Go through the data and copy every line in which "king" appears.

— Task data —
━━━━━━━━━━
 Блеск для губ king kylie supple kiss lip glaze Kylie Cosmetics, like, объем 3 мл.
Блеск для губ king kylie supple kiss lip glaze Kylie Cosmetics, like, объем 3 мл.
━━━━━━━━━━
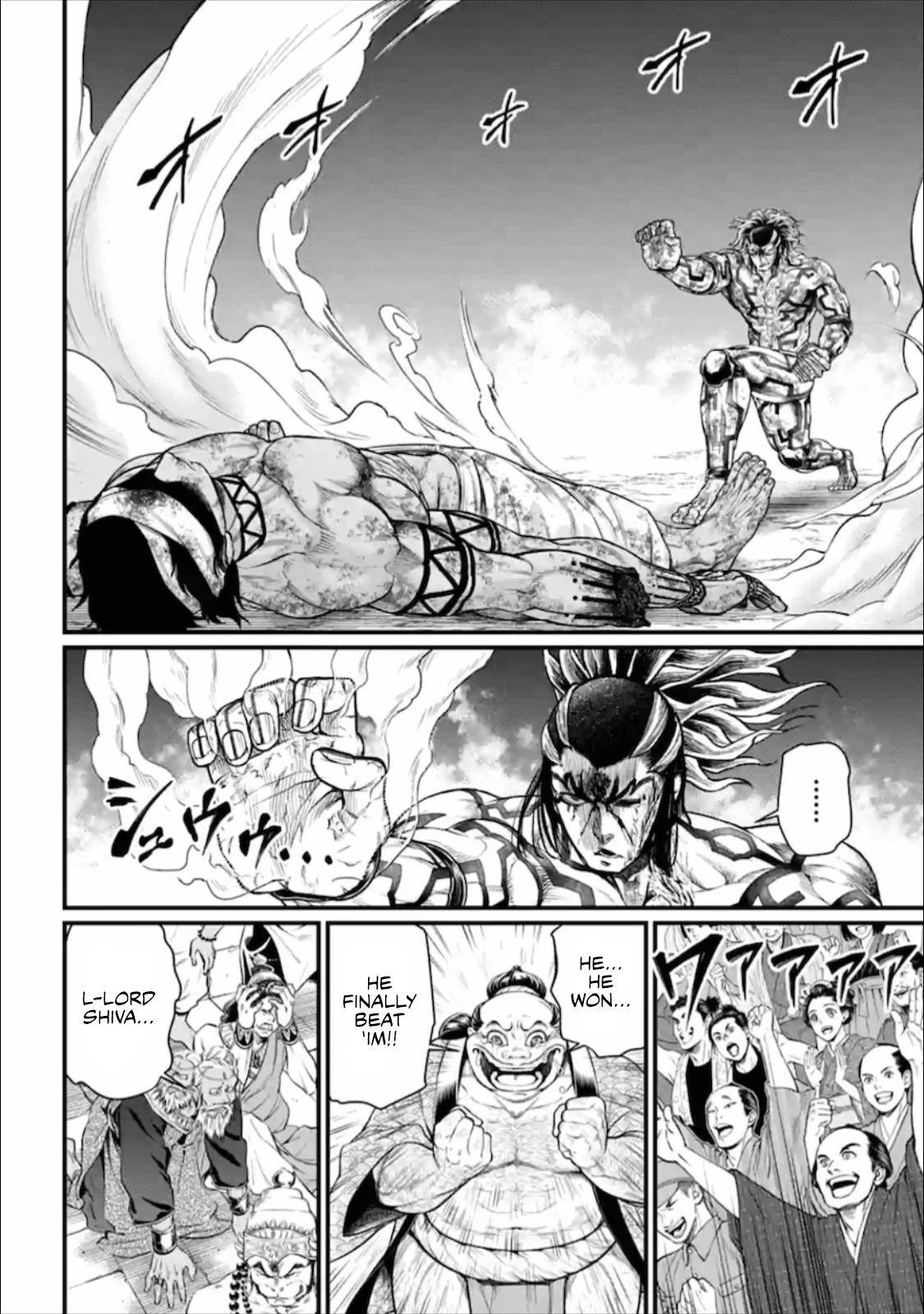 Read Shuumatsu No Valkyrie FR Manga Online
━━━━━━━━━━
— Your response —
 Блеск для губ king kylie supple kiss lip glaze Kylie Cosmetics, like, объем 3 мл.
Блеск для губ king kylie supple kiss lip glaze Kylie Cosmetics, like, объем 3 мл.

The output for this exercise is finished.